More than 100,000 pastors received e-mail invitations over the weekend to participate in conference calls with Cruz on Tuesday in which they will learn details of the plan to mobilize churchgoers in every congressional district beginning Aug. 30. The requests were sent on the heels of the Texas Republican’s “Rally for Religious Liberty,” which drew 2,500 people to a Des Moines ballroom Friday. […]
The push comes as Cruz seeks to grab a decisive edge in a crowded primary-within-a-primary, with half a dozen GOP contenders battling for what he has referred to as “the evangelical bracket.” […]
On the campaign trail, Cruz has urged people to watch the controversial Planned Parenthood videos and has repeatedly attacked the Supreme Court, where he once served as a law clerk. In an op-ed in USA Today on Thursday, Cruz wrote that Senate Majority Leader Mitch McConnell (Ky.) shouldn’t schedule or allow any legislation to be heard that would give federal money to Planned Parenthood. […]

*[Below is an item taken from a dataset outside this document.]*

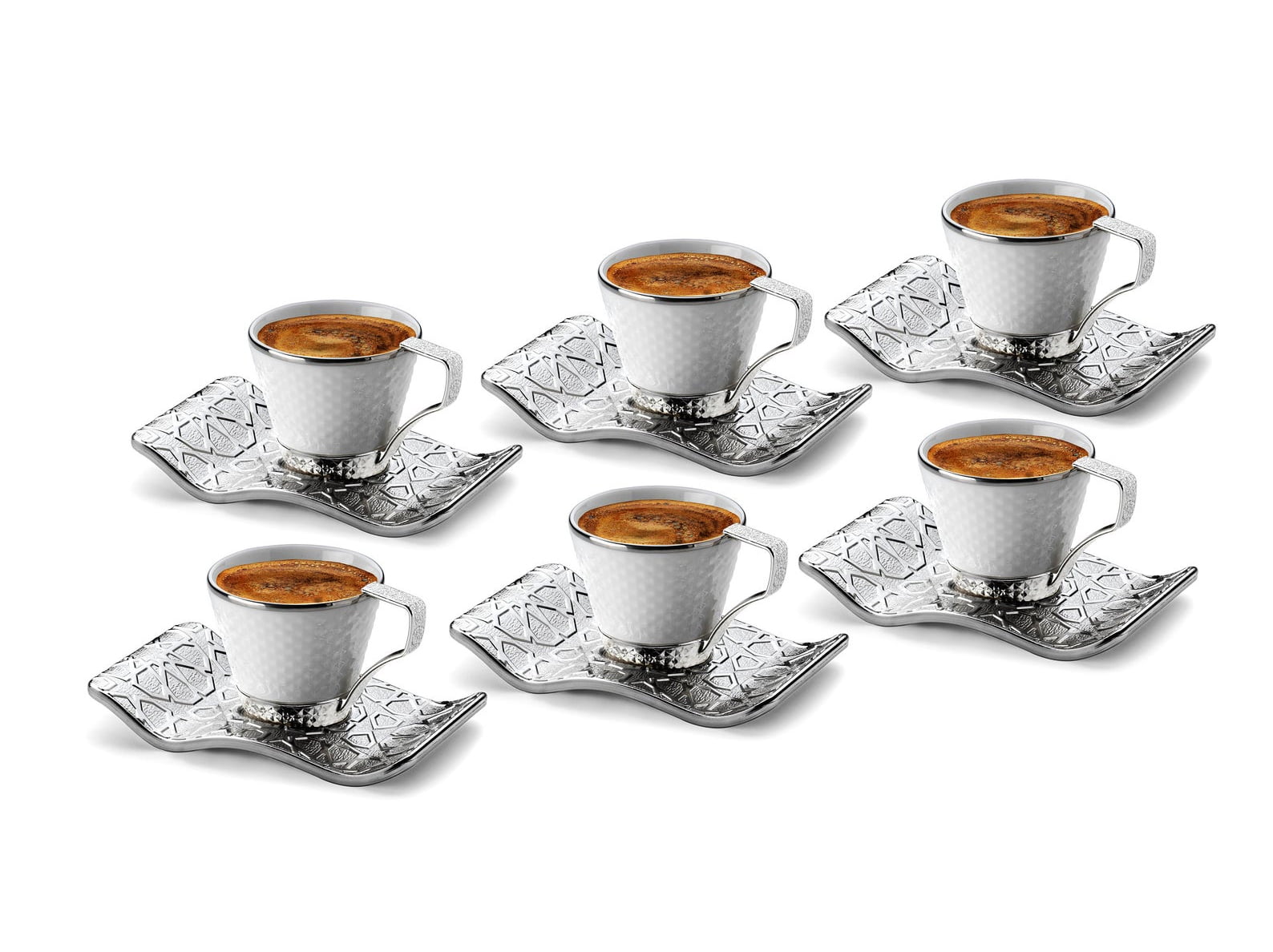 Luxury Gold Color Turkish Coffee Cup Set For Six Person - Traditional Turk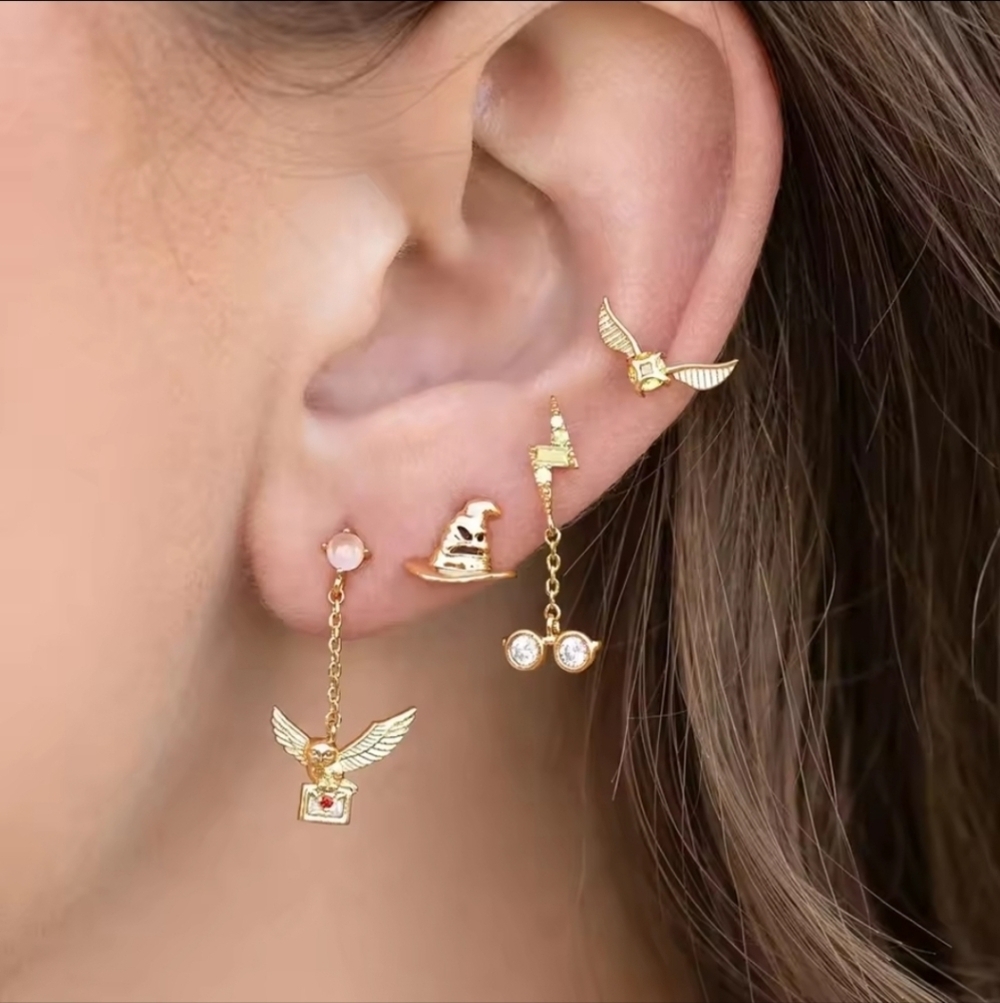 HARRY POTTER Winged Earrings Set Gold Plated With 925 Posts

At his religious liberty-themed rally in Des Moines on Friday night, Cruz cast himself as the only choice for evangelical voters. There is a “war on faith,” he said, as he quoted scripture and paced the stage like a televangelist; evangelical voters will “stay home no longer.” […]
Cruz’s Iowa campaign chairman, Matt Schultz, suggested that Cruz was divinely chosen to lead.
How is Mitch McConnell going to keep his promise that there won't be a shutdown on his watch when God has ordained it? Or at least told Ted Cruz's supporters that this is the only way Ted Cruz becomes the nominee. The long-range problem for Cruz here is that only about a quarter of Republican primary voters consider themselves evangelical nationally, though it's nearly half of Iowa's Republican base. Where he takes his government shutdown over Planned Parenthood after Iowa is kind of murky right now, since shutdowns haven't really been all that popular with the public.
Cruz, however, knows this. He's a zealot, but he's not stupid. Chances are pretty good he's counting on McConnell and all the other Republicans in the Senate who aren't suicidal to block his efforts. That'll give him more fuel for his anti-establishment campaign. Maybe he thinks that will be the ticket to take him through the primaries.